Seria um alento, para diminuir o sentimento de vergonha e impotência daqueles que lutam pela preservação ambiental e recuperação da cidade como um todo:
• Recuperação e regularização fundiária (gerenciamento de fato) de todas as unidades de conservação municipais abandonadas;
• Criação de sistema de tratamento dos principais rios (valões) de esgoto que desembocam na baía de Guanabara;
• Geração de políticas habitacionais e de transporte municipais capazes de amenizar o processo de ocupação desordenada do solo;
• Recuperação de todo o sistema lagunar da baixada de Jacarepaguá e de sua respectiva bacia hidrográfica;
. Instalação do sistema de saneamento na bacia da baía de Sepetiba.
Enquanto isso o que se observa são ilhas de lixo nestes locais. Garrafas PET, sacos plásticos, sofás, pneus, para-choques de carro… tudo dentro de um fétido “encontro das águas”, cheio de ciano bactérias e outras culturas prejudiciais para saúde humana.
Não faltam, enfim, prioridades na área ambiental, diretamente associadas à melhoria da qualidade de vida da população. Prioridades com vínculo direto com o desenvolvimento econômico da nossa cidade do Rio.
Incrível como não se produzem atividades ambientalmente e economicamente sustentáveis, como o ecoturismo e suas conhecidas consequências ao nível de geração de postos diretos e indiretos de trabalho.
Infelizmente seja por falta de conhecimento técnico, devaneios pessoais ou principalmente de olho nas eleições e vantagens pessoais, nossos legisladores e administradores públicos optam pelo mais fácil, o mais simpático, que renderá mais votos. Assim nada, absolutamente nada tem sido resolvido no seu cerne.

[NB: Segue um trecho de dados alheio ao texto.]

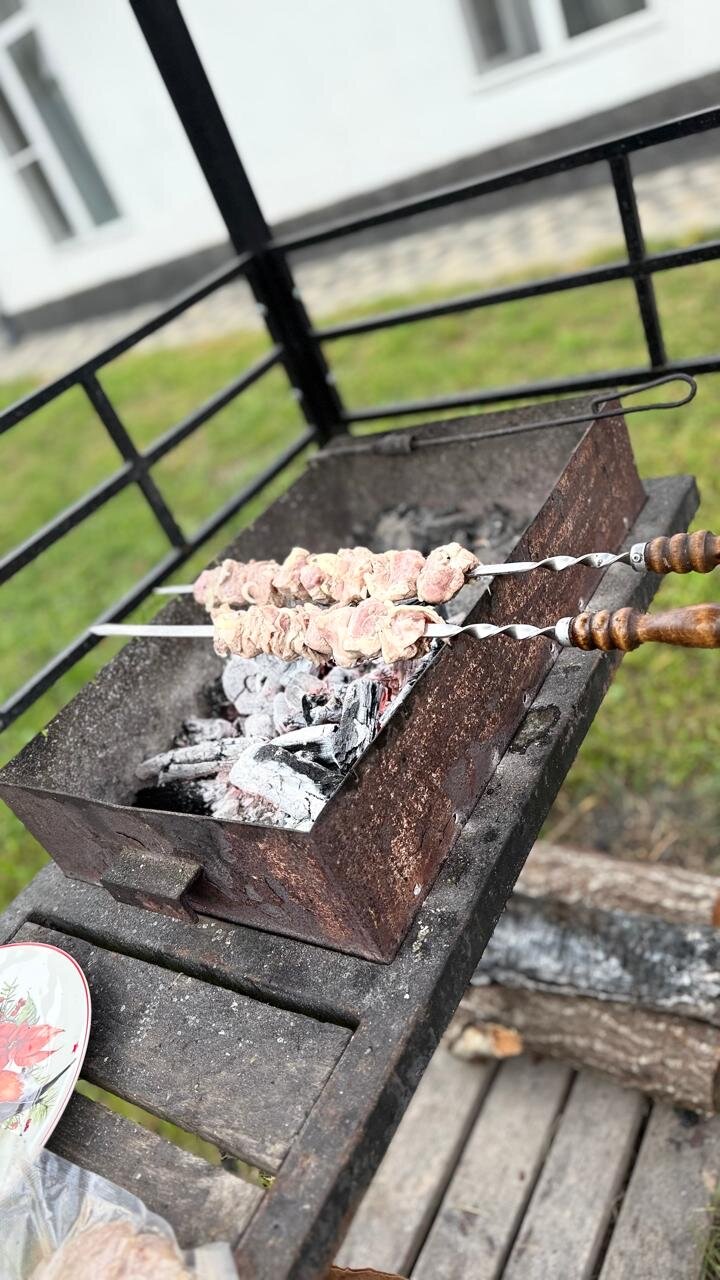 Фото Твой Дом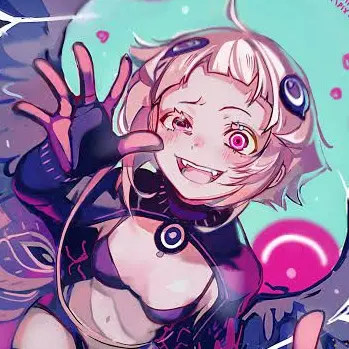 Profile image of Capella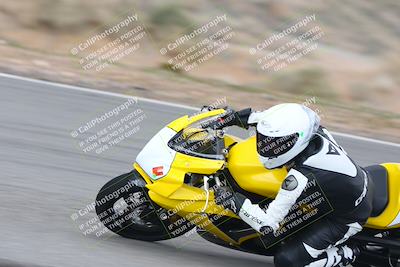 media/Mar-04-2023-TrackXperience (Sat) [[f3a86947c9]]/Group 3/Session 4 turn 2/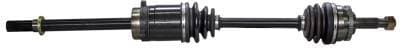 CV Axle Shaft 8464N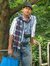 Ankur S...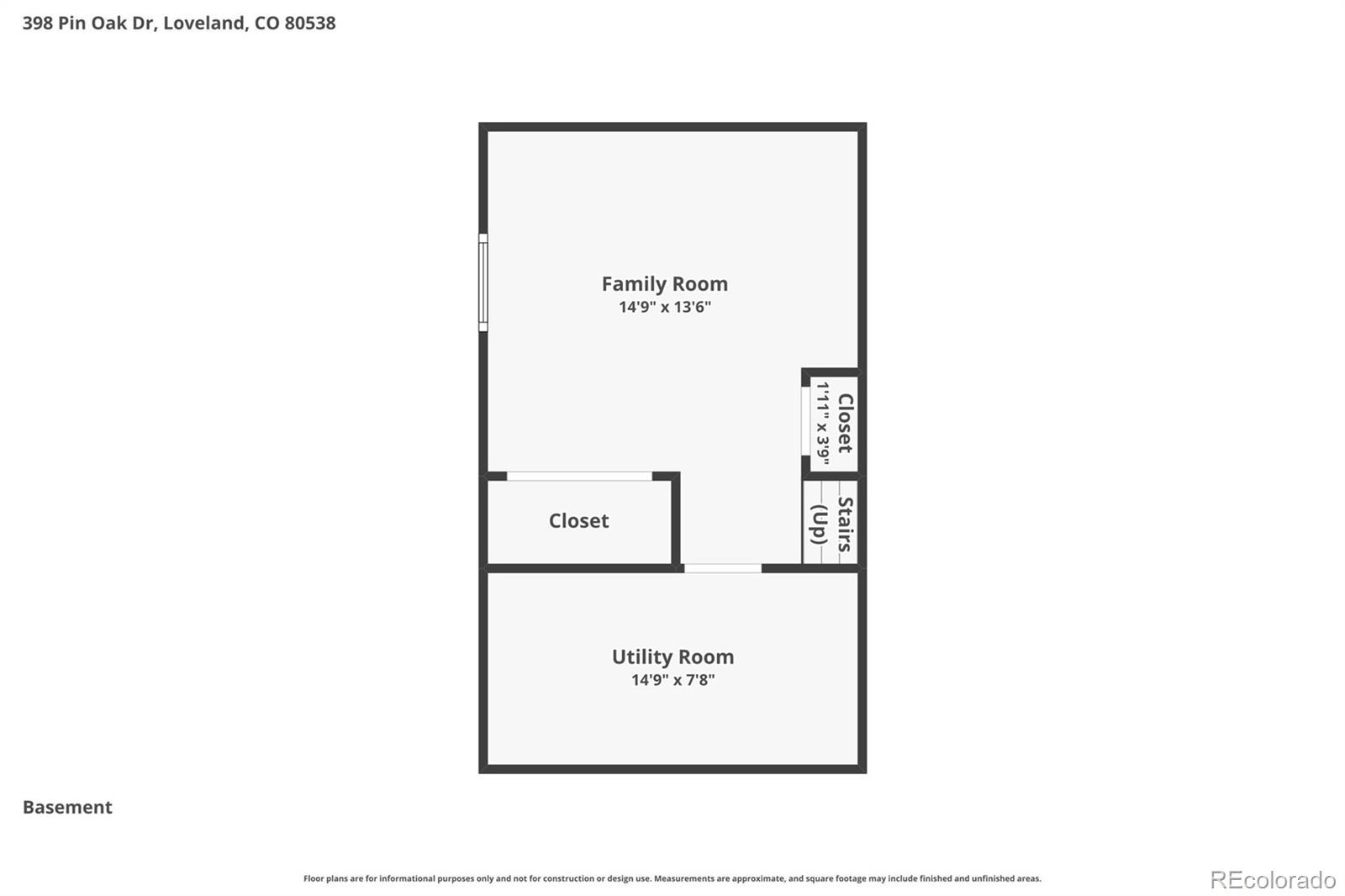 MLS Image #40 for 398  pin oak drive,loveland, Colorado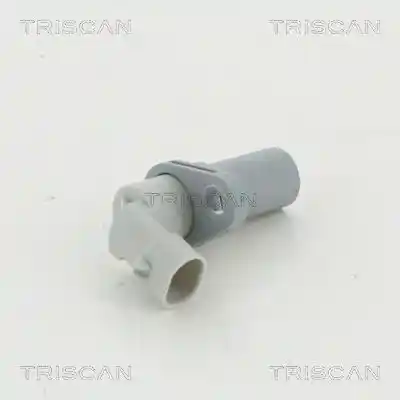TRISCAN 8855 10115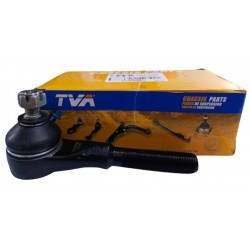 Terminal Jeep Cherokee Izquierdo Año 91-01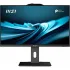 MSI Pro AP272P 14M-685XRU - моноблок 27 MSI Pro AP272P 14M-685XRU - моноблок 27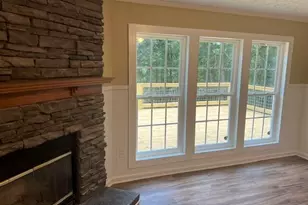 196 Old Scout Rd, Jackson, GA 30233 - Photo 11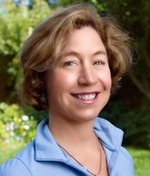 Lorraine Davis (Whealan)
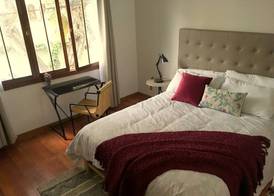 Belma Boutique Bed and Breakfast 4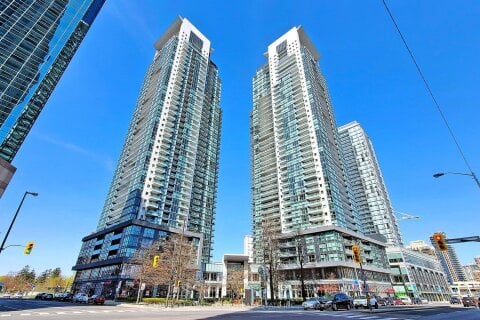 Additional image 7 of Ph101-5162 Yonge Street, Toronto, ON, M2N 5P6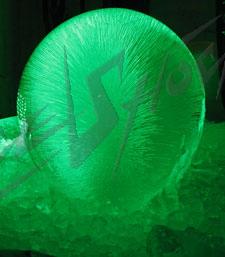 ice_circle_10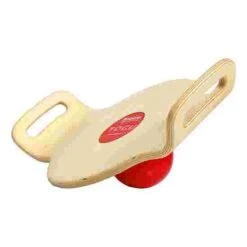 Togu Balanza -Exercise Shop 219 1906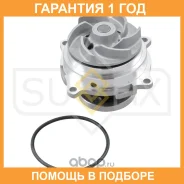����� ������� ���������� Sufix / FA1082 �������� 12 ��� FA1082 ����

Enquanto isso, longe de teorias acadêmicas e de defesas políticas apaixonadas, o maior defensor do meio ambiente do Estado, o renomado Biólogo Mário Moscatelli (http://oglobo.globo.com/rio/mario-moscatelli-padrinho-de-passaros-caranguejos-protetor-dos-manguezais-14511414), continua seus sobrevoos nas lagoas, manguezais e baías, observando a metástase ambiental e suas consequências. Testemunho da degradação que avança sobre o que garante nossa atual, e ainda mísera, qualidade de vida.
O tempo se esgota rapidamente. Caberá agora saber se aprendemos alguma coisa com os últimos duzentos anos de degradação ambiental de nossa cidade. Solução existe, dinheiro também. Basta vontade política, consciência do empresariado como um todo, priorizar e, o mais difícil, querer fazer.
O presente artigo não tem hipótese alguma a intenção de ser apocalíptico.
Apenas, de maneira resignada (ou não), quer chamar atenção para o que acontece nessa cidade maravilhosa. Cidade que, de fato, deve ser abençoada por Deus, por que senão já teria sucumbido ao caos.
Marcello A. F. Toledo é advogado, especialista em direito imobiliário e incorporações, consultor no Rio de Janeiro do escritório Pinheiro Pedro Advogados.